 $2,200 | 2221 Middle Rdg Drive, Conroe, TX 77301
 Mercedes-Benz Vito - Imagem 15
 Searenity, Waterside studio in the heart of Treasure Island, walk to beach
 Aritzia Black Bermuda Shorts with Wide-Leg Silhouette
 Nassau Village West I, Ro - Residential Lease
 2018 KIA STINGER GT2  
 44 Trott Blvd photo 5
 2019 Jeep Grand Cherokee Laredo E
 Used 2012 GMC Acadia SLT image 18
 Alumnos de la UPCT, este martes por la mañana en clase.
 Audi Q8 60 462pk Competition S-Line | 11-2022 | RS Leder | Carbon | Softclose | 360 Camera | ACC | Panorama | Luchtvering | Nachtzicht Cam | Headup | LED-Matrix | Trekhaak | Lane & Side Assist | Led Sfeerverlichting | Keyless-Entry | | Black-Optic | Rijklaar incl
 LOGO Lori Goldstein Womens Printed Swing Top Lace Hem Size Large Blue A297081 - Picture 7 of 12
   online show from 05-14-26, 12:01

········

## Exercise objective
The lines above that include "Black" should each be listed.

## Answer section
 Aritzia Black Bermuda Shorts with Wide-Leg Silhouette
 Audi Q8 60 462pk Competition S-Line | 11-2022 | RS Leder | Carbon | Softclose | 360 Camera | ACC | Panorama | Luchtvering | Nachtzicht Cam | Headup | LED-Matrix | Trekhaak | Lane & Side Assist | Led Sfeerverlichting | Keyless-Entry | | Black-Optic | Rijklaar incl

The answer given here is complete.